• **Information provided**:
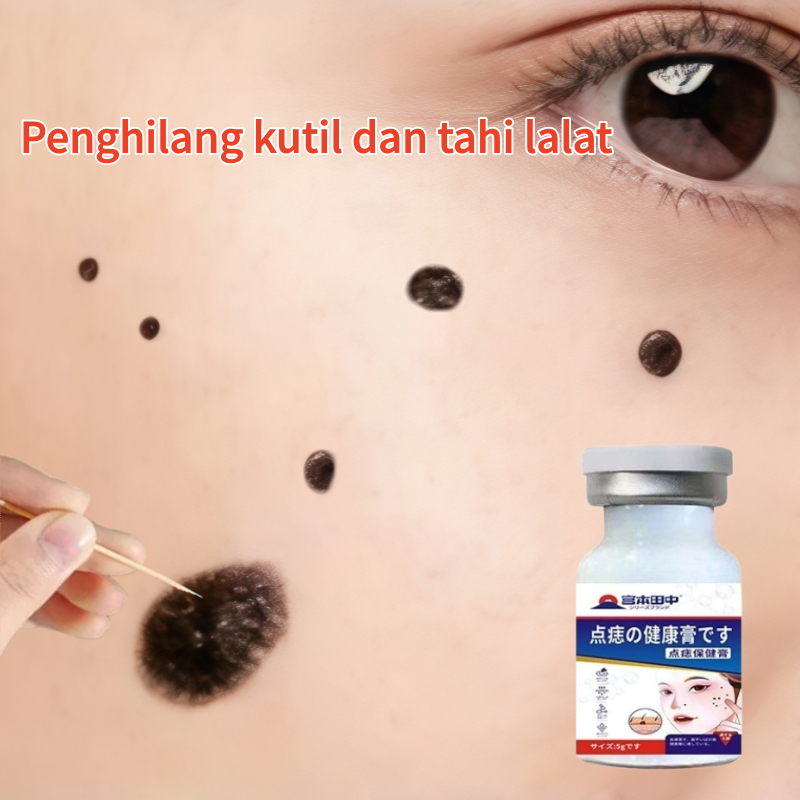Penghilang tahi lalat Kutil dan tahi lalat penghilang Skin tag remover Penghilang tahi lalat di waja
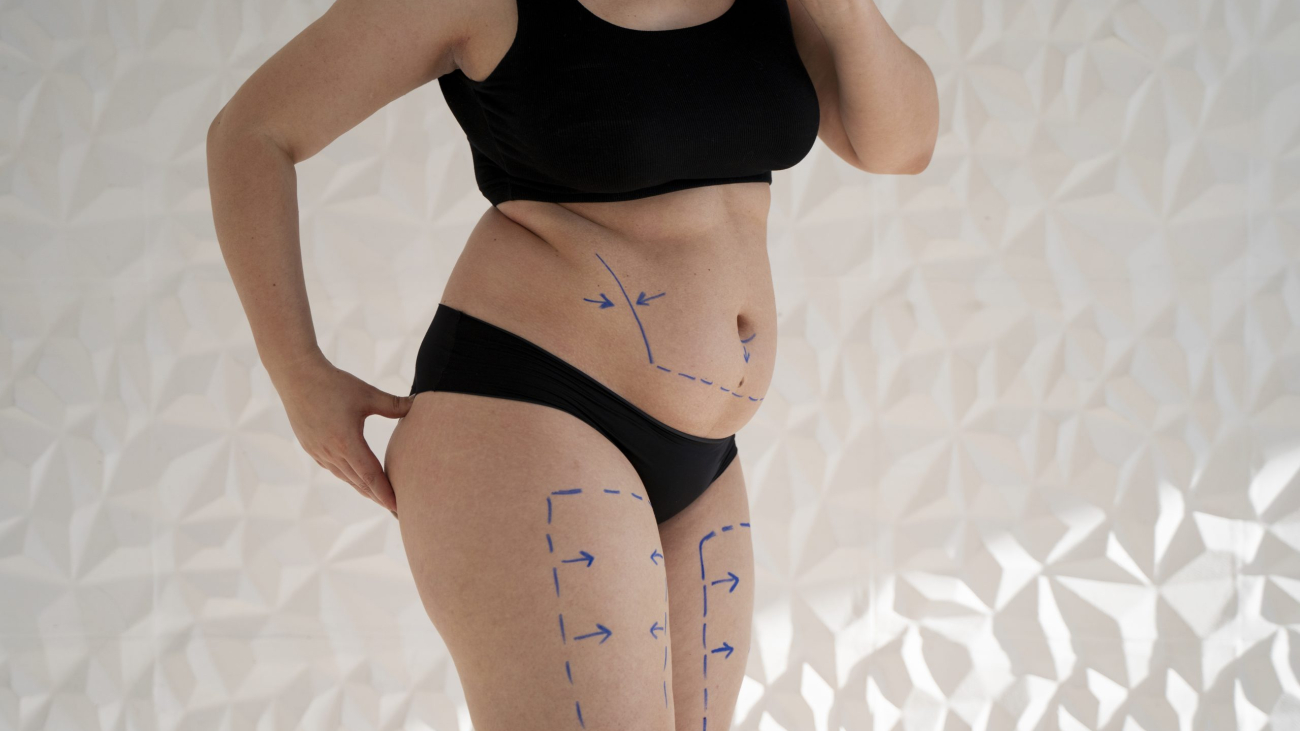 woman-s-body-with-marker-traces-side-view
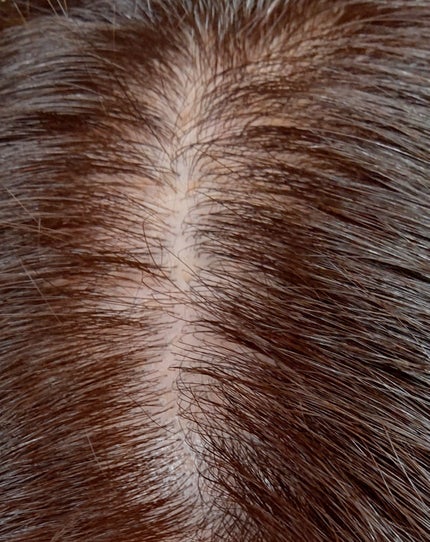 スカルプローション/Rintor/頭皮ローションを使ったクチコミ(2枚目)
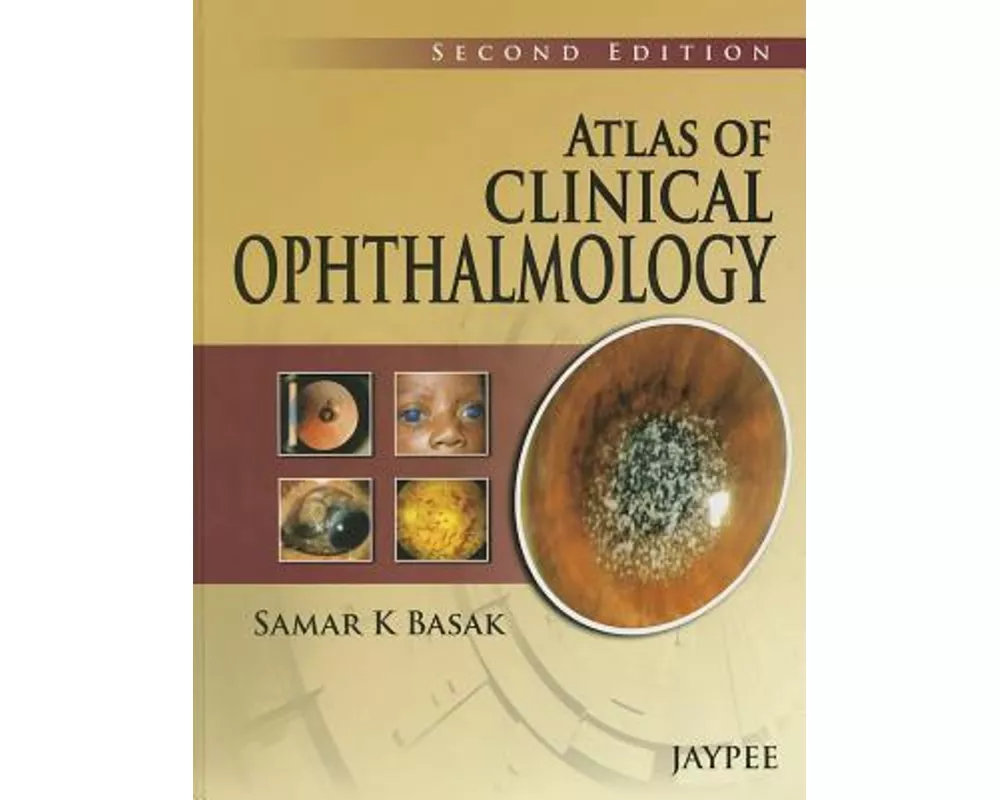 Atlas of Clinical Ophthalmology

• **What to work on**:
The line with "woman-s-body-with-marker-traces-side-view" marks the start, and the last line of the material marks the end. Reproduce exactly those two lines and every line between them, without the pictures.

• **Task solution**:
 woman-s-body-with-marker-traces-side-view
 スカルプローション/Rintor/頭皮ローションを使ったクチコミ(2枚目)
 Atlas of Clinical Ophthalmology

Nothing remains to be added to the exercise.